»»

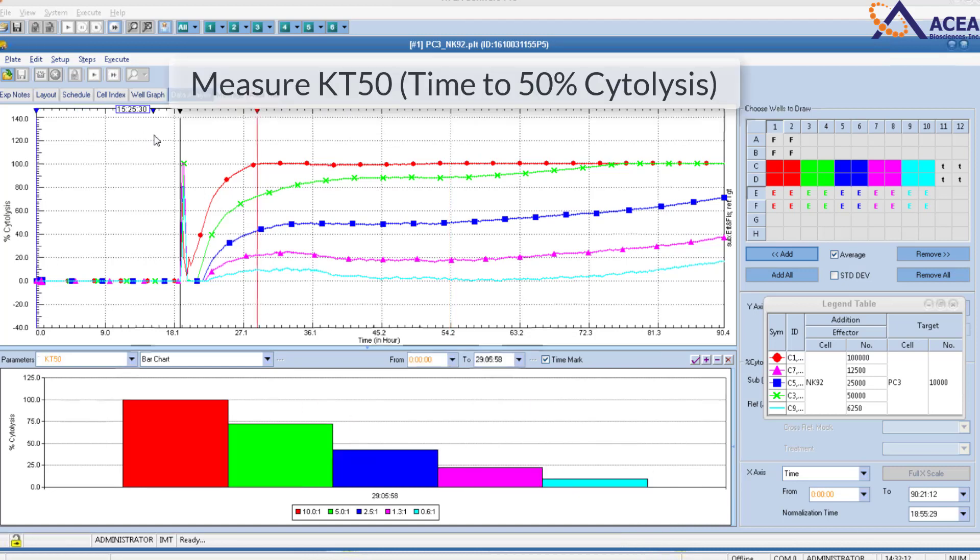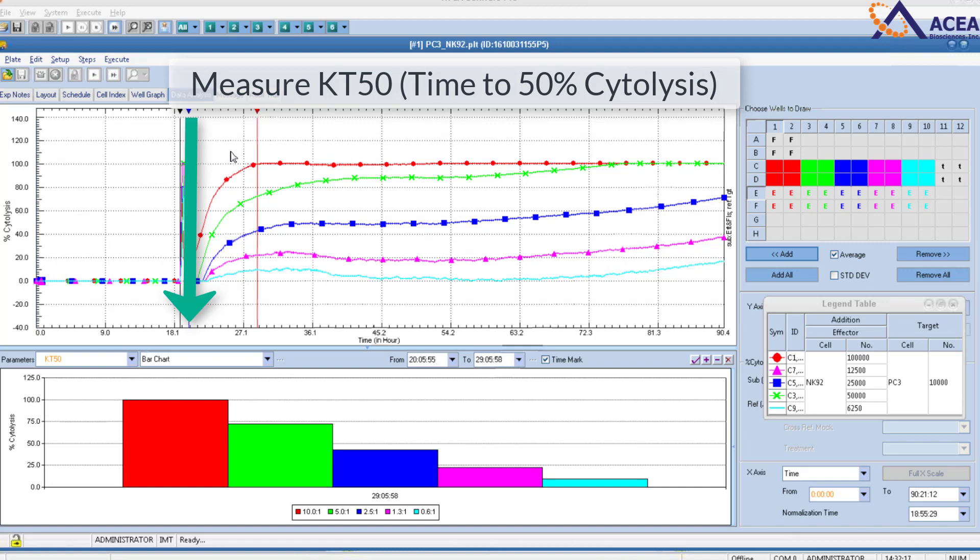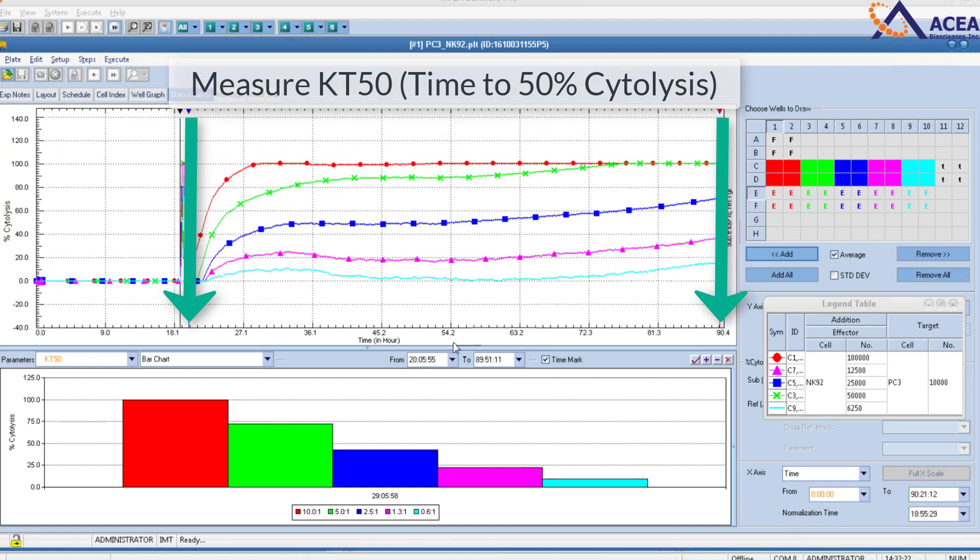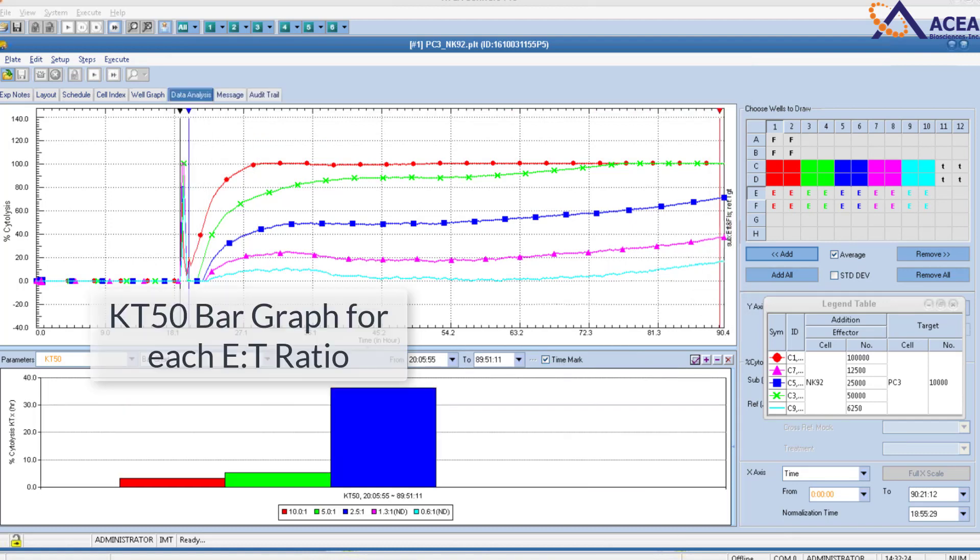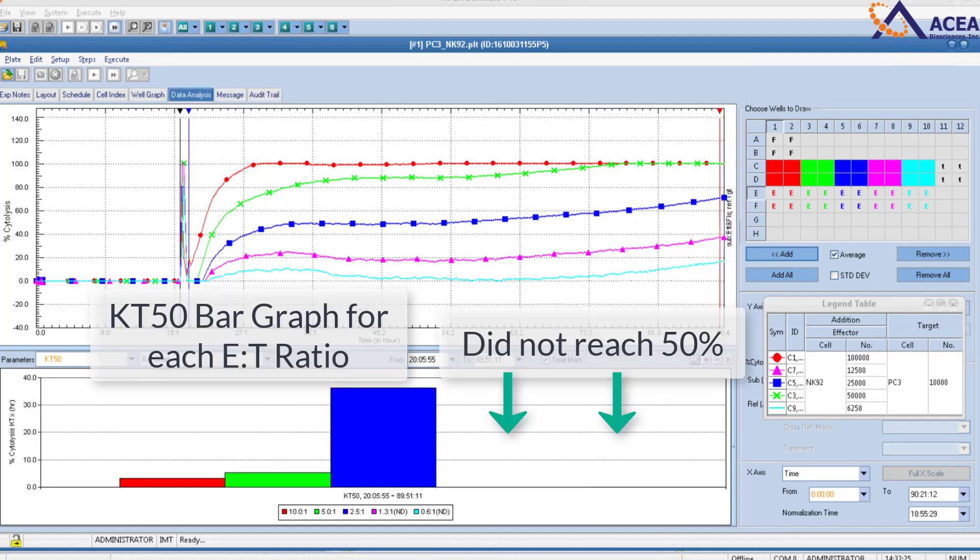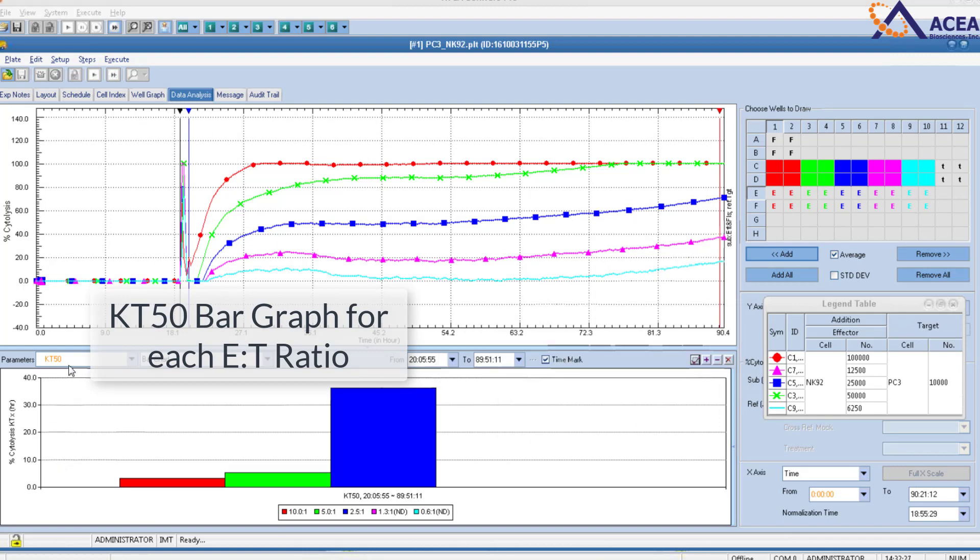To measure KT50, which is time to 50% cytolysis, drag the time markers to measure between effector addition and your last time point. You can also create KT50 bar graphs for each E to T ratio.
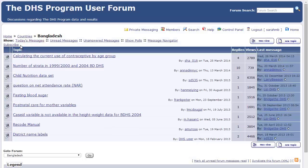In the bottom row of the header, there is the word Subscribe. I simply click on this to subscribe to the forum on Bangladesh. Notice how it has changed to give me the option to unsubscribe from this forum.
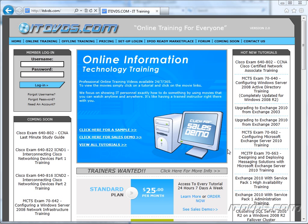Welcome to the ITDVDs.com YouTube channel. This is just a sample of the training available at ITDVDs.com. If you would like to see complete training, please go to ITDVDs.com. Now let's begin the sample.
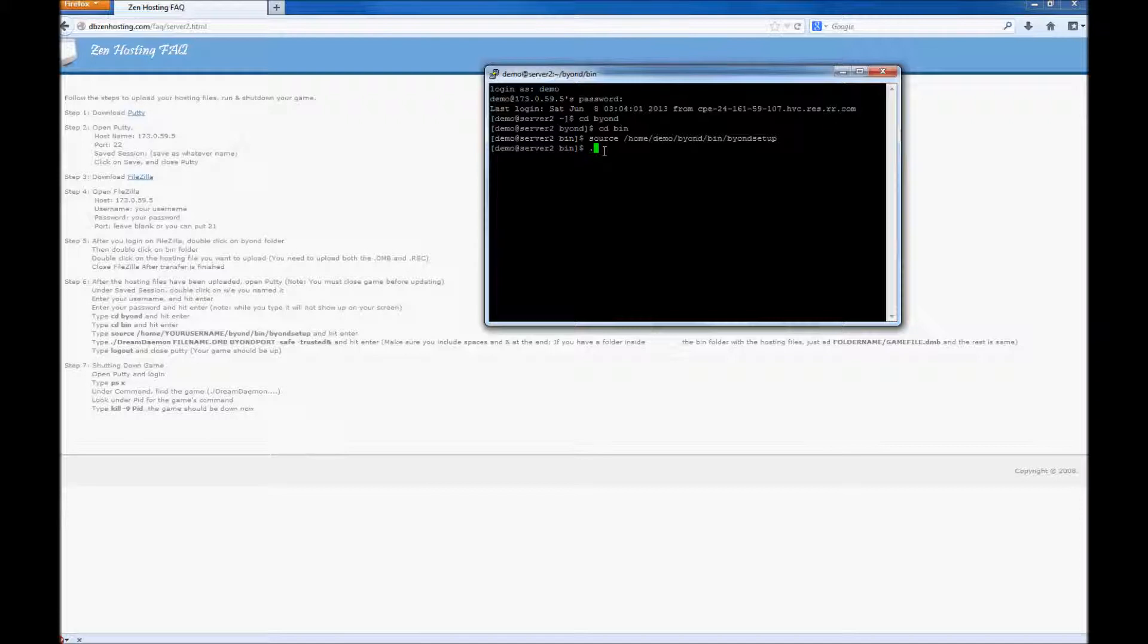Next, when we run the game, make sure you're putting capitals in the correct places or else your game won't run. And we'll be using port 1600.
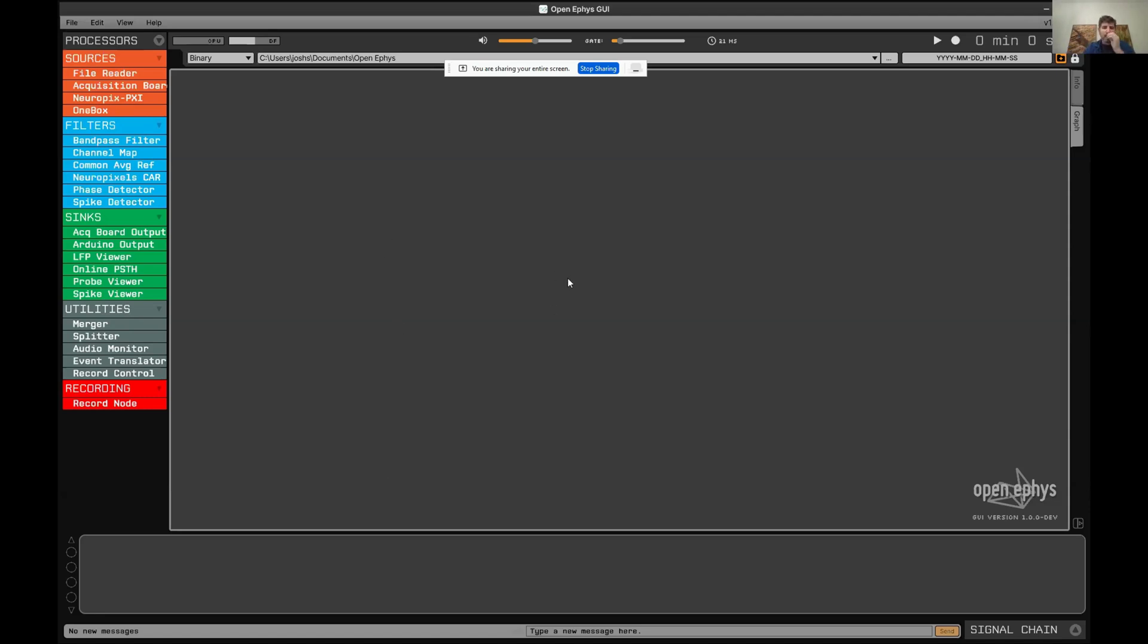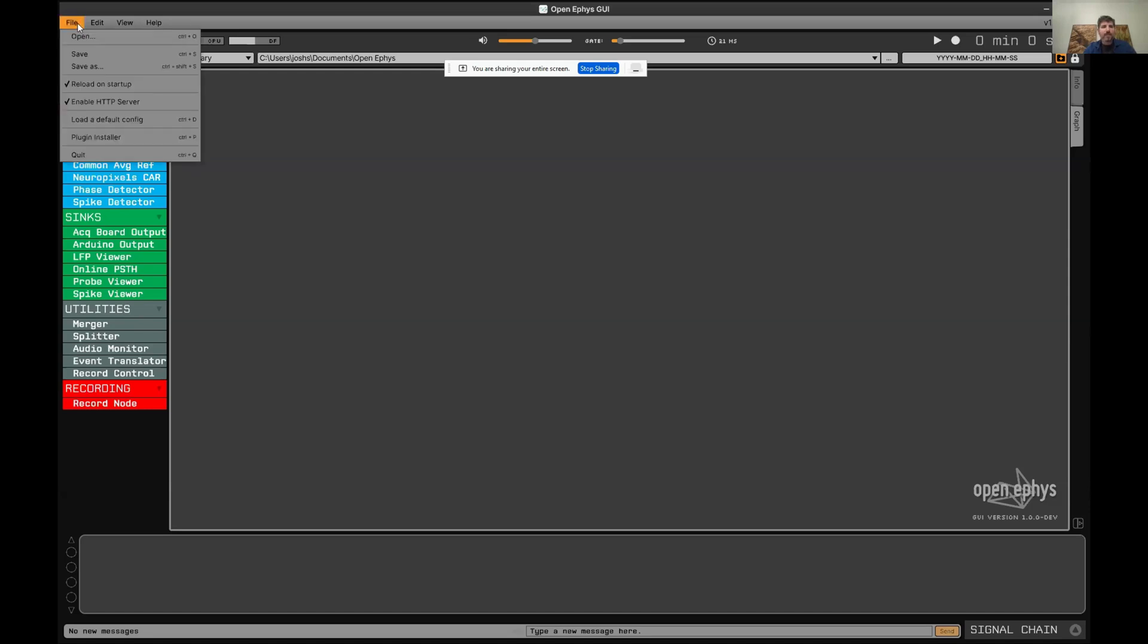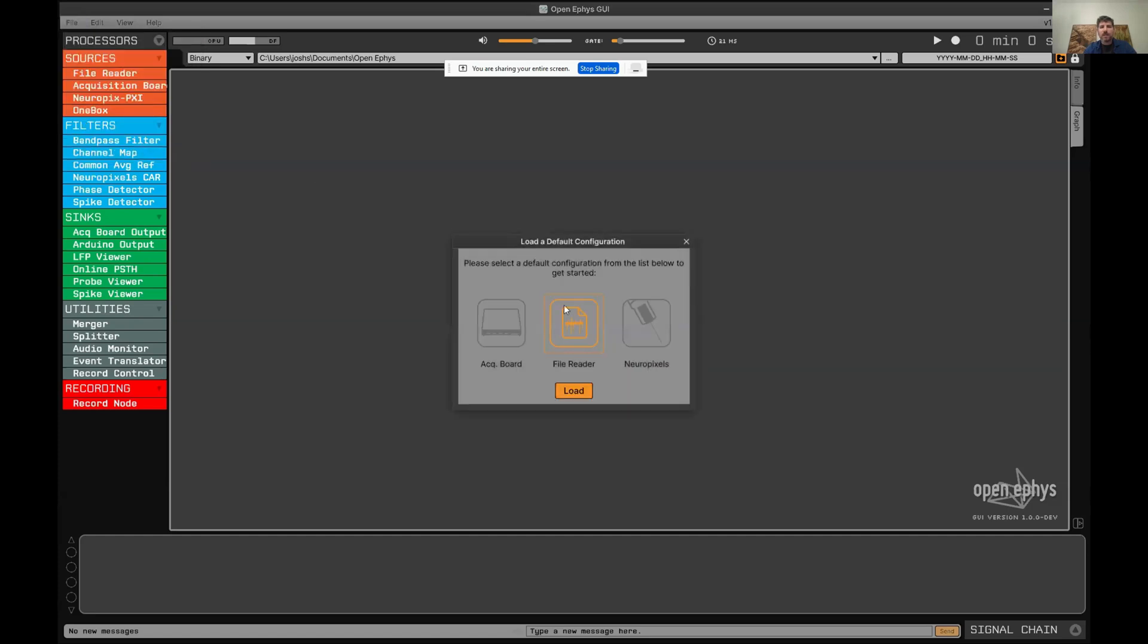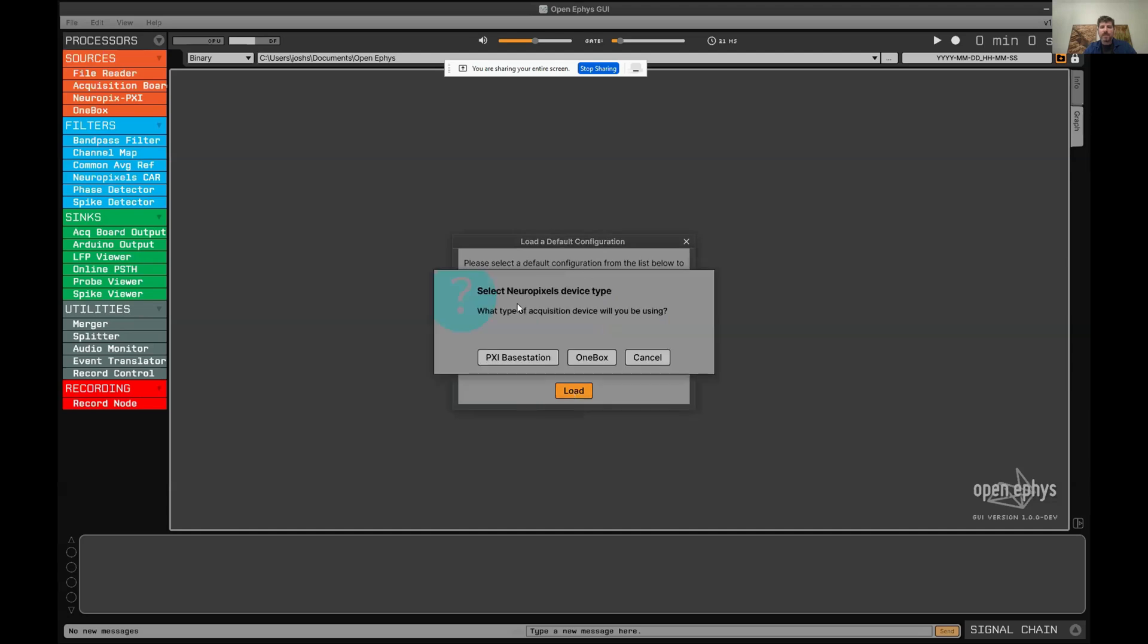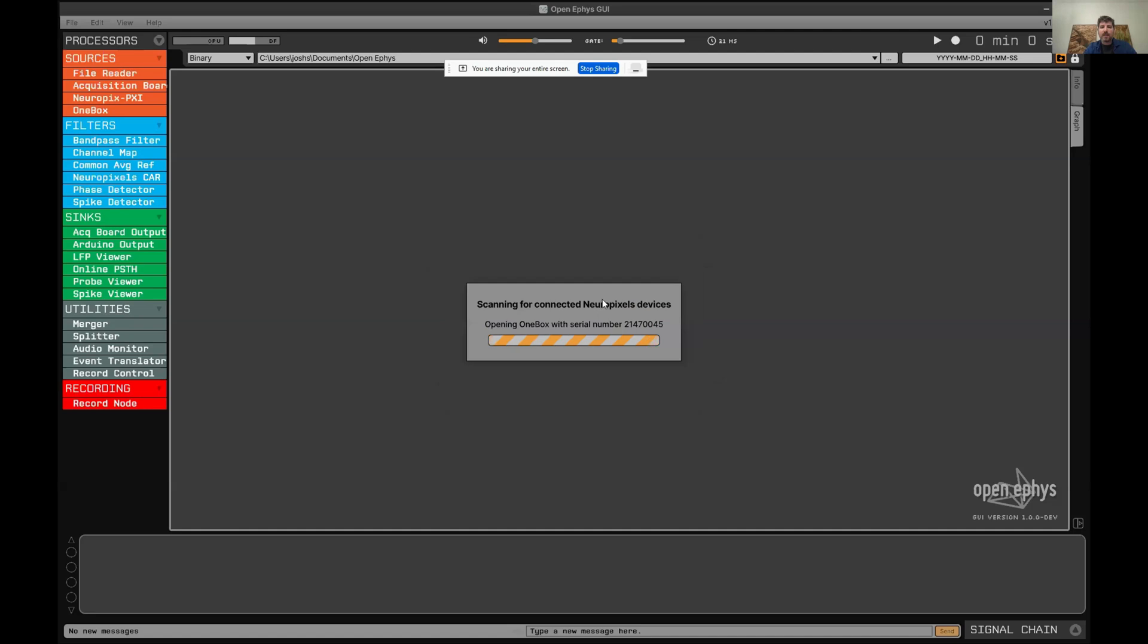This is what the user interface looks like when you first load it. If you don't know which plugins you want to use, you can load a default configuration, which we have for acquisition board, file reader, and Neuropixels. If you select Neuropixels, it asks you if you want to use a PXI base station or OneBox. I'll click OneBox.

««

→ WHAT IS BEING ASKED
Please output only the lines running from the one that holds "Welcome to the" through the last line of the entries, both ends included, without any images.

→ YOUR SOLUTION
Welcome to the ITDVDs.com YouTube channel. This is just a sample of the training available at ITDVDs.com. If you would like to see complete training, please go to ITDVDs.com. Now let's begin the sample.
Next, when we run the game, make sure you're putting capitals in the correct places or else your game won't run. And we'll be using port 1600.
This is what the user interface looks like when you first load it. If you don't know which plugins you want to use, you can load a default configuration, which we have for acquisition board, file reader, and Neuropixels. If you select Neuropixels, it asks you if you want to use a PXI base station or OneBox. I'll click OneBox.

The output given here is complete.